Who knows? With a little time you may be making collard leaf raw tacos!
How to cook them
Start by getting out a big soup pot.
The collards will shrink a lot. But when you start, you will have a pretty big pile.
Put a bit of oil in the bottom of the pot. Sauté minced garlic until softened and fragrant.
Add the chopped collard greens to the pot, along with vegetable broth or water + a pinch of a vegetable bouillon cube.
The size of a bunch of greens varies. You don’t want the collards to be boiling in the broth or water.
So add as much as seems appropriate to keep the greens from burning. Then add more if the liquid is cooking off too quickly.
Once the liquid is at a simmer, turn the heat to low and cover with a lid. Allow the greens to cook for 25 minutes. You want them to be almost falling apart soft.
Greens are one of those rare foods that is actually better when it’s overcooked. So don’t be afraid to start the collards first before getting the rest of dinner going. It will only be improved by it.
(Just make sure they don’t run out of liquid and burn.)
Make it your own
Add curly kale to the mix
You can make collard greens your own by adding an equal amount of kale to your collards.
When you’re putting the collards into the soup pot, add an equal amount of kale. Then double the rest of the ingredients.
If collards taste bitter to you, kale makes the dish a little milder. (My husband always prefers collards with an equal amount of kale.)
Plus, both greens cook down a lot. So you’re more likely to get some leftovers out of it if you double up!
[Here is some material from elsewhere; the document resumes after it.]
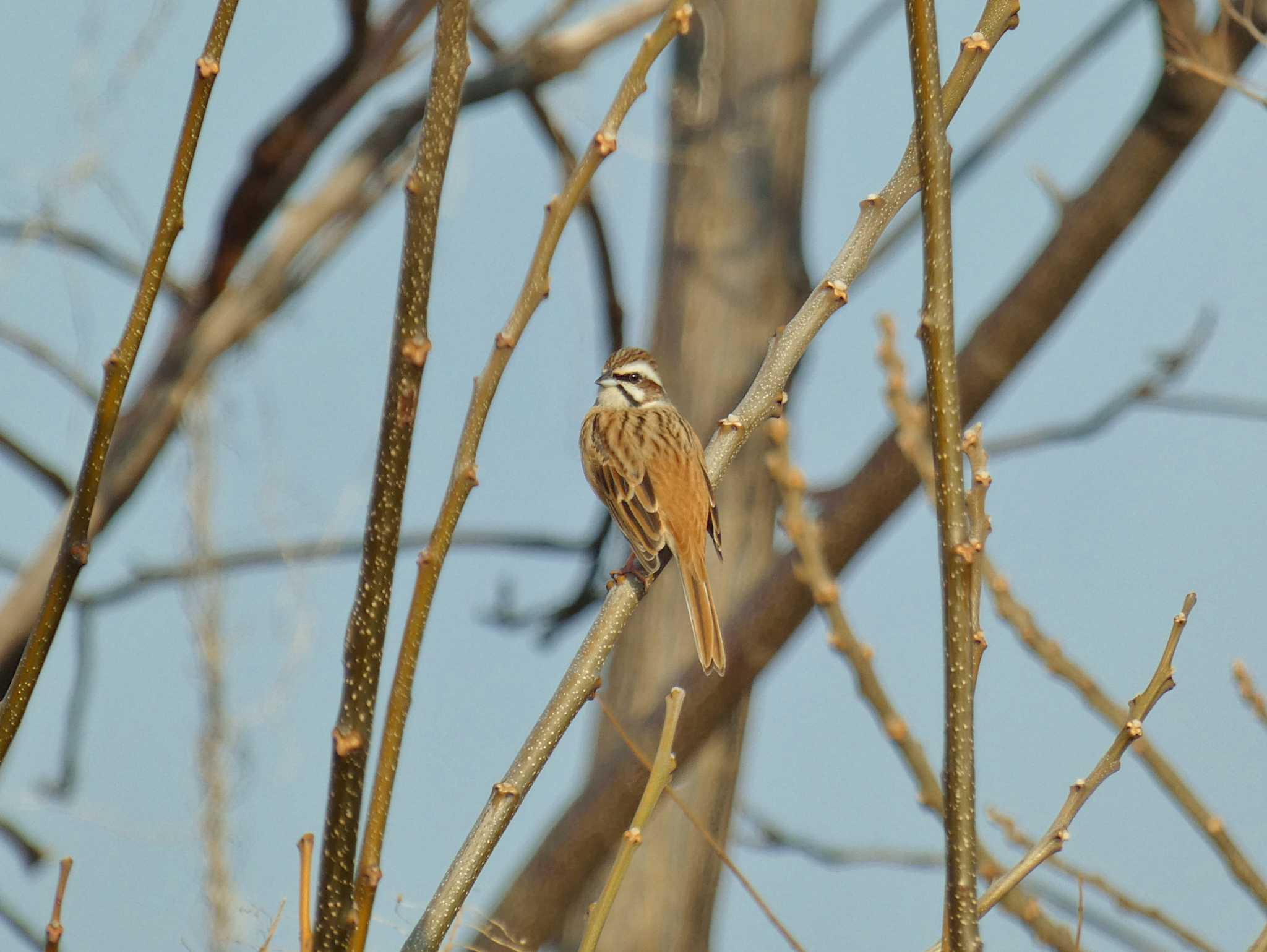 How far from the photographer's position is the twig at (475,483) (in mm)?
1673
Add a splash of liquid smoke
Often, people will add smoked pig parts to greens. But why not leave the pigs out of it?
The only reason that product tastes smoky is because it has been cooked in a smoker. You can just as easily use liquid smoke instead.
As the name suggests, liquid smoke is simply smoke that has been condensed into a liquid. If you’d like specific amounts, check out this recipe for smoky sweet vegan collard greens.
Serve these greens with main dishes like:
- Vegan BBQ Soy Curls
- Vegan polenta stacks with squash & cashew cream
- Buffalo Soy Curls sandwich
- Vegan BBQ sandwich
Collards pair well with side dishes like:
- The best vegan potato salad
- Vegan coleslaw
- Red wine mushrooms
- Vegan fried green tomatoes
- Buffalo corn on the cob
- Roasted delicata squash with rosemary
Easy collard greens (Vegan)
- 1 teaspoon organic canola oil or other neutral flavored oil
- 4 to 5 cloves garlic minced
- 1 bunch collard greens leaves removed from tough center rib and roughly chopped in medium-sized pieces
- ½ cup vegetable broth Or 1/2 cup water + ¼ of a vegan vegetable bouillon cube
- Salt to taste
- In a medium-sized pot or skillet with lid, bring oil to a medium heat. Add the garlic and sauté until fragrant, about five minutes.
- Add the chopped collard greens and vegetable broth (or water plus bouillon cube section). Add a pinch of salt, keeping in mind that your broth or bouillon cube may already have salt in it. Bring to a simmer, stirring occasionally.
- Once it is simmering, turn the heat to medium low and cover. Remove lid to stir and check occasionally, making sure there is still enough liquid on the bottom and that the collards aren’t sticking. If they start to stick, lower the heat and add a tablespoon or two of water, as necessary.
- Cover and continue cooking for 25 minutes, until the collard greens have become soft to the bite.
Originally posted July 2013. Content, photos, and recipe updated May 2019.